Add collaborators with lowercase email addresses
When you add collaborators to the catalog, enter email addresses with all lowercase letters. Mixed-case email addresses are not supported.
Object Storage connection restrictions
When you look at a Cloud Object Storage (S3 API) or Cloudant connection, the folder itself is listed as a child asset.
Multiple concurrent connection operations might fail
An error might be encountered when multiple users are running connection operations concurrently. The error message can vary.
Can't enable data protection rule enforcement after catalog creation
You cannot enable the enforcement of data protection rules after you create a catalog. To apply data protection rules to the assets in a catalog, you must enable enforcement during catalog creation.
Assets are blocked if evaluation fails
The following restrictions apply to data assets in a catalog with policies enforced: File-based data assets that have a header can't have duplicate column names, a period (.), or single quotation mark (') in a column name.
If evaluation fails, the asset is blocked to all users except the asset owner. All other users see an error message that the data asset cannot be viewed because evaluation failed and the asset is blocked.
Only the data class filter in metadata enrichment results is case-sensitive
When you filter metadata enrichment results on the Column tab, only the Data class entries are case-sensitive. The entries in the Business terms, Schemas, and Assets filters are all lowercase regardless of the actual casing of the value.
Filter options in metadata enrichment results might not be updated immediately
When you add assets, assign new data classes or business terms, or remove business terms, the respective filters aren't immediately updated. As a workaround, refresh your browser to see the updated filter lists.
Enrichment details for an asset might not reflect the settings applied on latest enrichment run
After you edit the enrichment options for a metadata enrichment that was run at least once, the asset details might show the updated options instead of the options applied in the latest enrichment run.
Can't access individual pages in a metadata enrichment asset directly
If the number of assets or columns in a metadata enrichment asset spans several pages, you can't go to a specific page directly. The page number drop-down list is disabled. Use the Next page and Previous page buttons instead.
Incomplete details for an assigned data class in a column's enrichment results
When you click the assigned data class on the Governance tab of the column details in the metadata enrichment results, a preview of the data class details is shown. However, the details are incomplete.
In some cases, you might not see the full log of a metadata enrichment job run in the UI
If the list of errors in a metadata enrichment run is exceptionally long, only part of the job log might be displayed in the UI.
Workaround: Download the entire log and analyze it in an external editor.
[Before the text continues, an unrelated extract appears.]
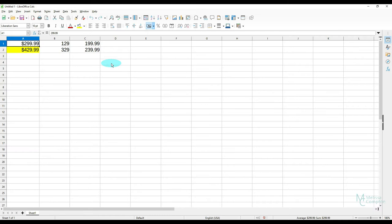So I'm going to show you in Calc, Writer, and Impress how to use this clone formatting tool. So let's go ahead and get started in Calc.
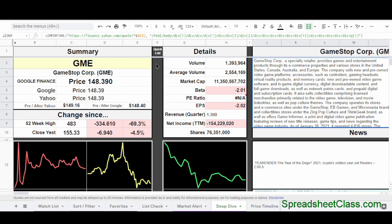Before we get into the Google Sheets formula, we need to go over how to find the code you see in the formula bar for each web page element we want to pull information from. This is a good lesson on web scraping in general, because even other types of web scraping done on platforms like Python require knowledge of this. Don't let all this code intimidate you — all we have to do is click a couple of buttons to copy the code from where we want it and then paste it.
Schema information might be missing when you filter enrichment results
When you filter assets or columns in the enrichment results on source information, schema information might not be available.
Workaround: Rerun the enrichment job and apply the Source filter again.
Issues with search on the Assets tab of a metadata enrichment asset
When you search for an asset on the Assets tab of a metadata enrichment asset, no results might be returned. Consider these limitations:
- Search is case sensitive.
- The result contains only records that match the exact search phrase or start with the phrase.
Rules run on columns of type time in data assets from Amazon Redshift data source do not return proper results
For data assets from Amazon Redshift data sources, columns of type time are imported with type timestamp. You can't apply time-specific data quality rules to such columns.
Masking flow
If you use Masking flow, you might encounter these known issues and restrictions when you are privatizing data.
Masking flow jobs might fail
During a masking flow job, Spark might attempt to read all of a data source into memory. Errors might occur when there isn't enough memory to support the job. The largest volume of data that can fit into the largest deployed Spark processing node is approximately 12GBs.
Cannot save changes to the Masking character
When you create a new or edit an existing data protection rule to redact columns with a data class, you might experience trouble to save the changes from the default masking character of X
to any other character.
If you click Create (or Update) to save your rule before the new character is shown under the After column in the Example data section, your change to the Masking character does not save.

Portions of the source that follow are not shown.